*WHAT YOU SHOULD DO*: In the records below, find the line that holds "Cool Cat Coffee". Restate it and every later line exactly, stopping at the end and skipping pictures.

[Short web captions]
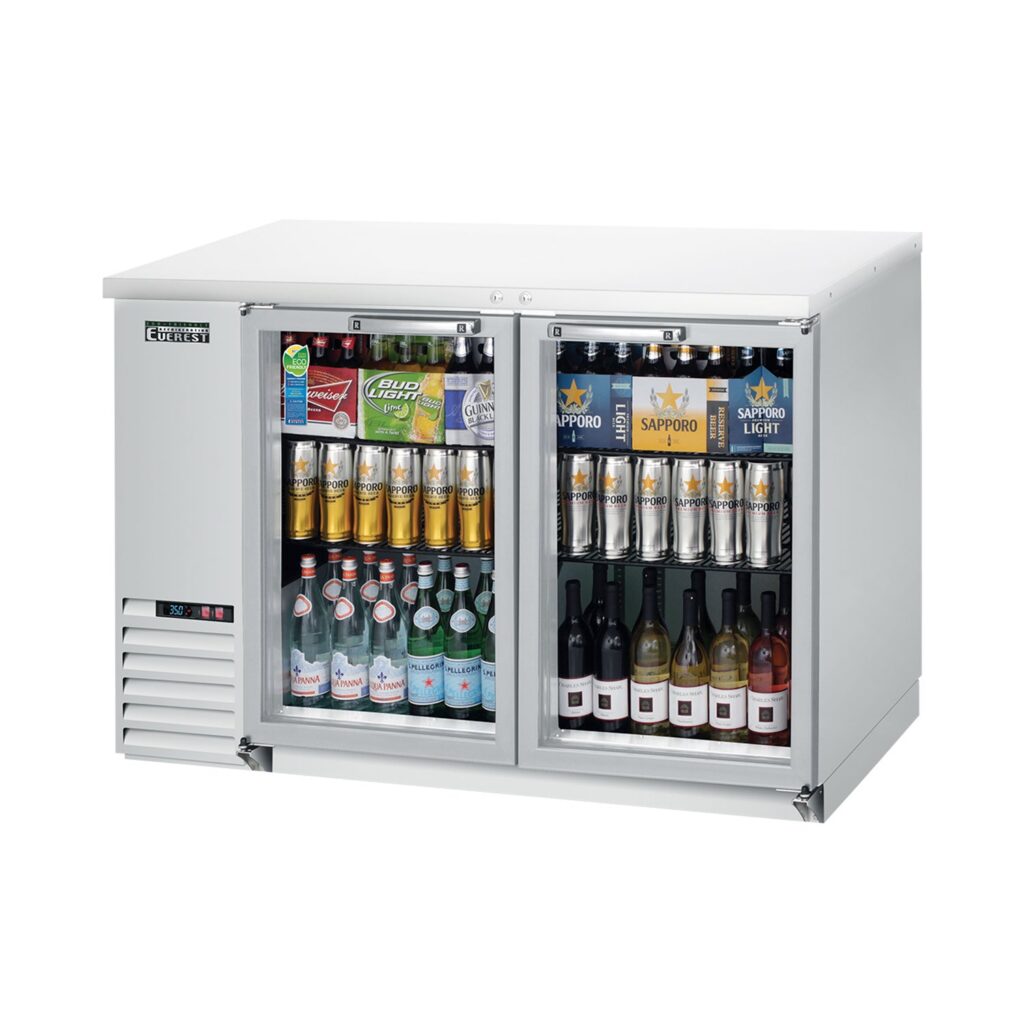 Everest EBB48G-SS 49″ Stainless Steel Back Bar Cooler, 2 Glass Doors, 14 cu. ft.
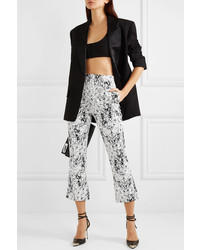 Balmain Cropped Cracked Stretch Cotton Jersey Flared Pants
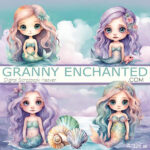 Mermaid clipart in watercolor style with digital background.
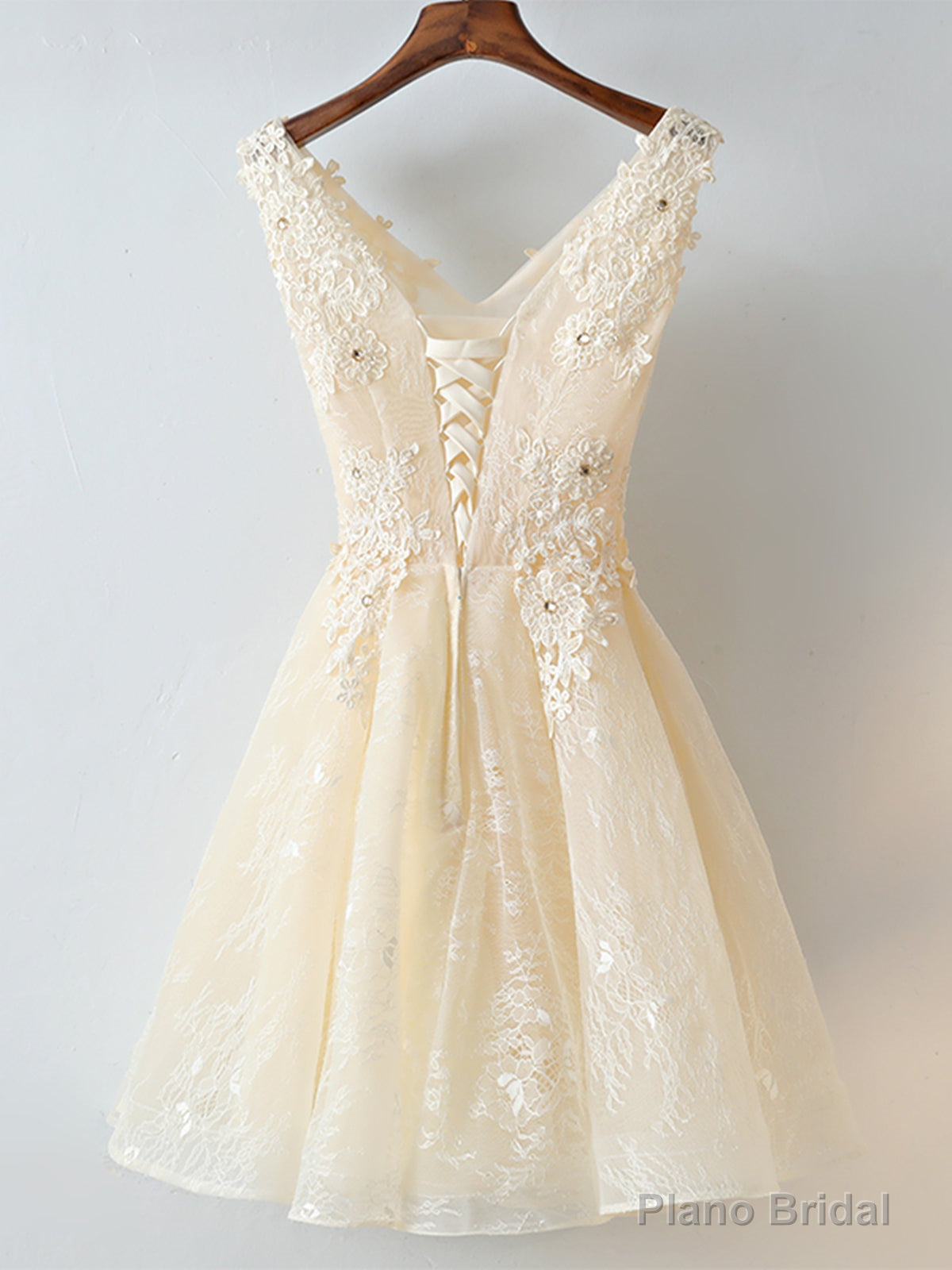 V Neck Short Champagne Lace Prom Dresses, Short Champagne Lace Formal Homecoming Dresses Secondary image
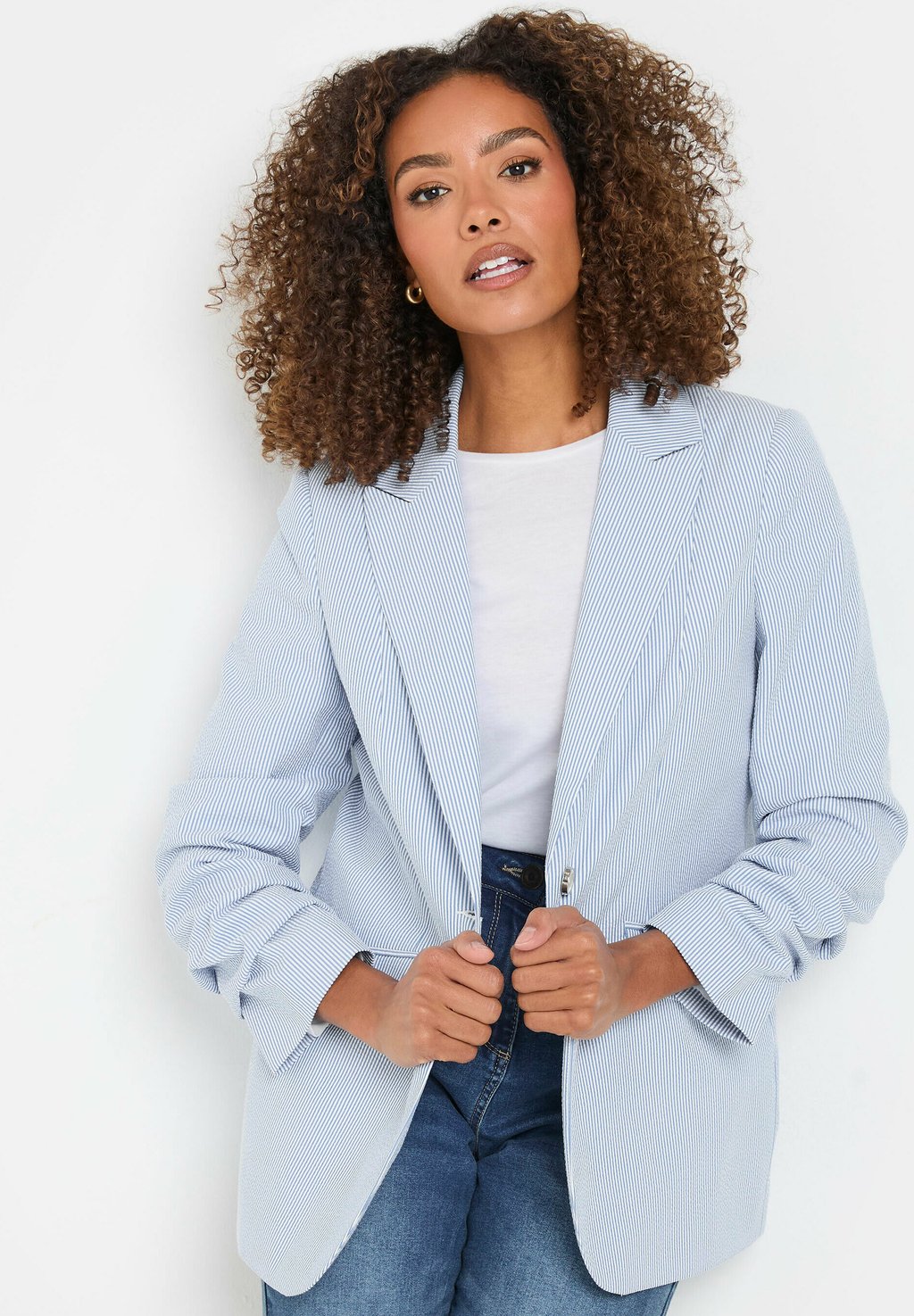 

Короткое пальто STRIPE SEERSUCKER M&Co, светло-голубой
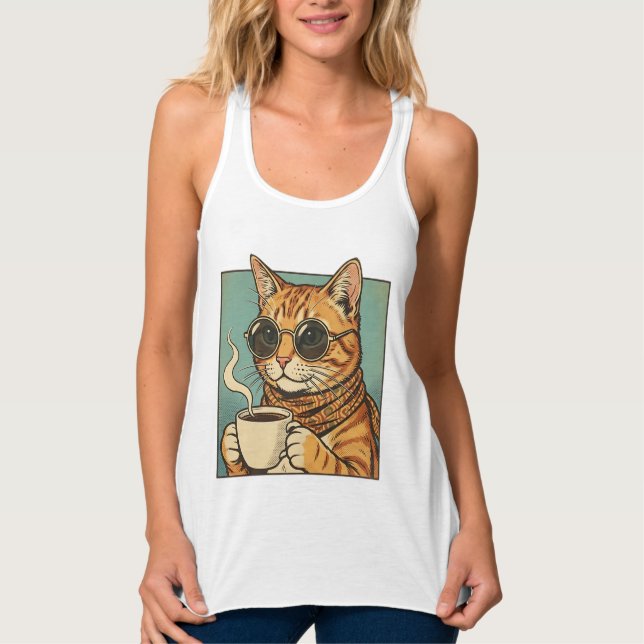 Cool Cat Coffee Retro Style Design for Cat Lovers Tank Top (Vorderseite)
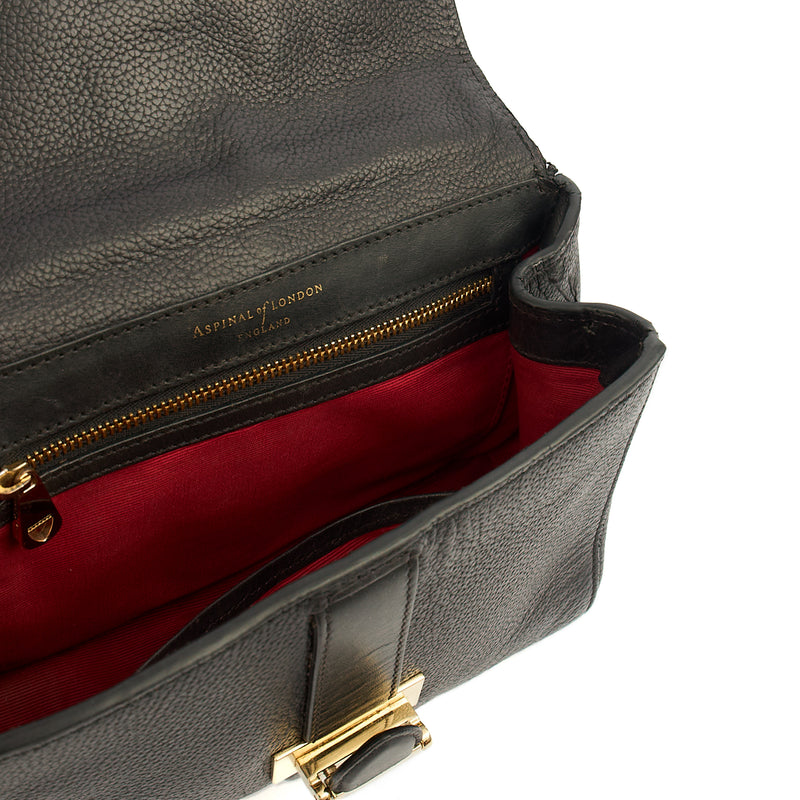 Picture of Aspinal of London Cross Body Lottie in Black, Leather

*RESULT BELOW*:
 Cool Cat Coffee Retro Style Design for Cat Lovers Tank Top (Vorderseite)
 Picture of Aspinal of London Cross Body Lottie in Black, Leather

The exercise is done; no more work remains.